Entonces se rieron y dijeron:
“Se llama Insaf Nagar, ¡pero aquí la justicia solo está escrita en un cartel!” 😅
Ambos fueron al mercado.
Resultó que la harina, la mantequilla clarificada, la leche, el aceite, las legumbres, ¡todo tenía el mismo precio! 😕😆
El discípulo dijo feliz:
“¡Gurú! No habrá ciudad más barata ni mejor que esta, ¡viviremos aquí!”
El gurú sonrió y dijo:
“¡Hijo!

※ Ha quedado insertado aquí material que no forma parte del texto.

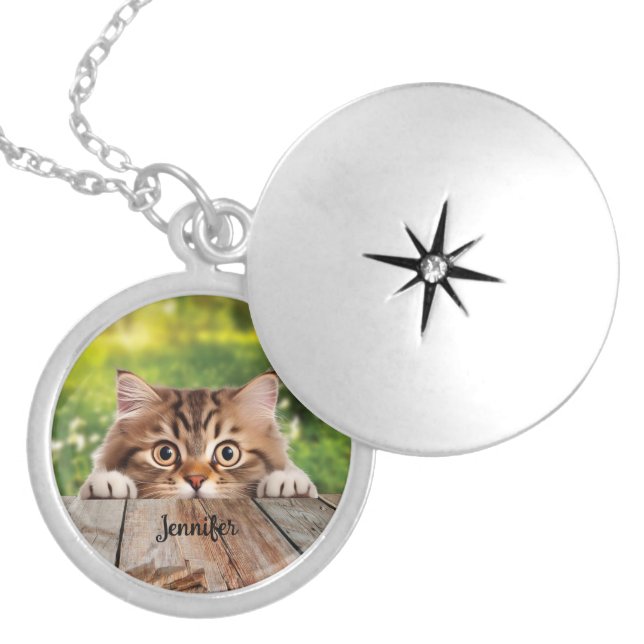 Cute Siberian Peeking Cat  Locket Necklace (Front)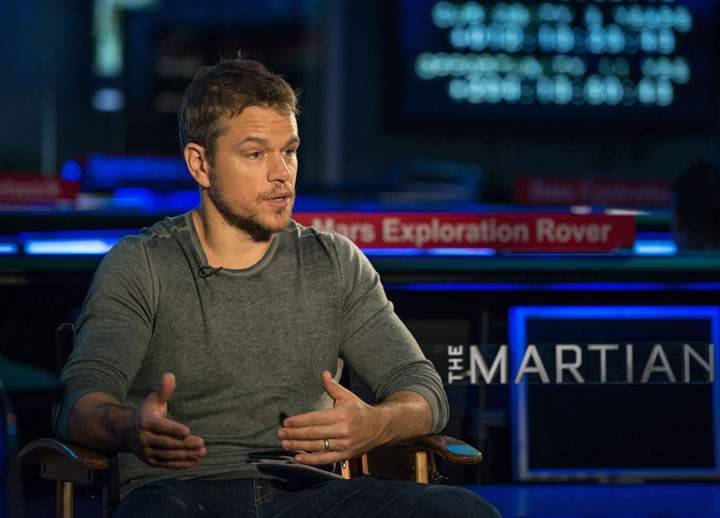 Matt Damon, who stars as NASA Astronaut Mark Watney in the film “The Martian.” participates in media interviews at the Jet Propulsion Laboratory in Pasadena, California in August. NASA scientists and engineers served as technical consultants on the film.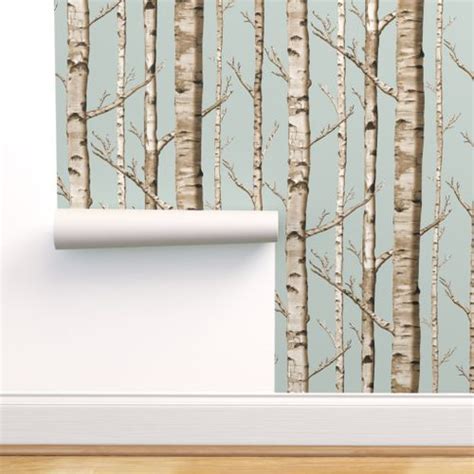 Birch Grove in Overcast Wallpaper | Spoonflower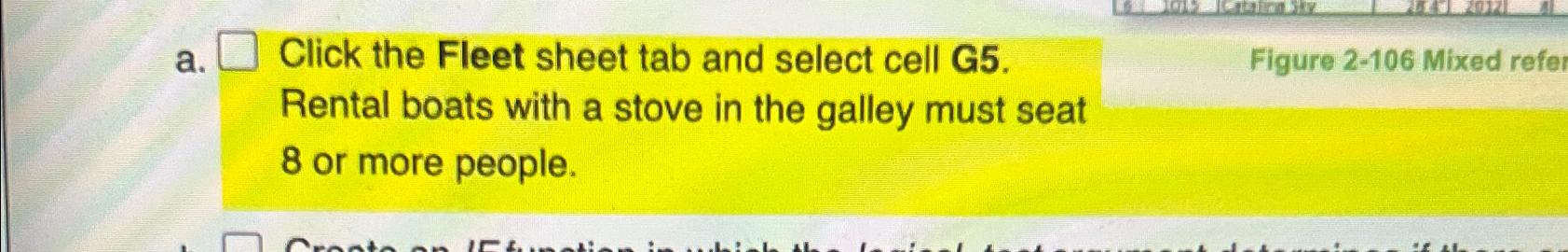  a. Click the Fleet sheet tab and select cell G5. Figure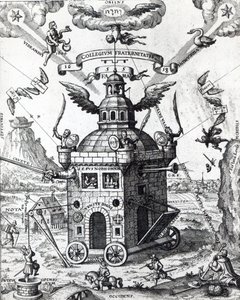 Frontispicio de Collegium Fama Fraternitatis por Theophilus Schweighardt, 1618 de German School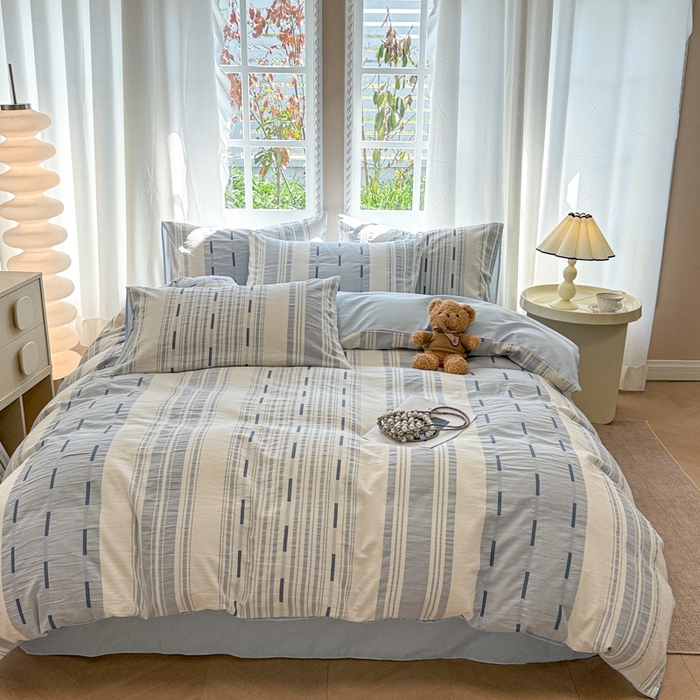 91家纺网 家纺一手货源 找家纺 米可2025春夏新款A类色织华夫格提花全棉四件套 本色-蓝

Donde todo tiene el mismo precio, no hay justicia, ¡hay falta de inteligencia!”
Pero el discípulo no estuvo de acuerdo.
Unos días después, ambos llegaron al juzgado.
Se estaba llevando a cabo un caso extraño.
Un ladrón estaba en el juzgado diciendo:
“Fuimos a robar, el muro se derrumbó, mi amigo murió, ¡quiero justicia!” 😂
¿Y qué pasó después?
El arquitecto acusó al constructor de haber hecho el muro de barro 😕
El constructor acusó al obrero de no haber hecho bien su trabajo 🙄
El obrero acusó al chozano de no haber mezclado bien el agua con el cemento 🤔
El chozano culpó al dueño del elefante por el sonido que me llamó la atención 😯
El dueño del elefante culpó a una mujer por haberle pisado y haber desorientado a mi elefante 😂
Y la mujer culpó al orfebre por haber hecho mi tobillera demasiado pesada 🤦♂️
Finalmente, el juzgado dictó sentencia:
“¡El orfebre debe ser ahorcado!”
Pero cuando llevaron al orfebre al patíbulo, descubrieron que…
¡La soga era más grande que su cuello! 😅
El rey dijo:
«¡Atrapen a un hombre gordo y tráiganlo aquí!»
La gente vio…
¡El más gordo era el discípulo del gurú! 😳
El discípulo quedó atónito.
El gurú dijo en voz baja:
«Ya te lo dije, esto no es justicia, ¡es un espectáculo!» 🤣
😄 Lección:
Cuando la justicia se convierte en un espectáculo en lugar de la razón, suele ser el final.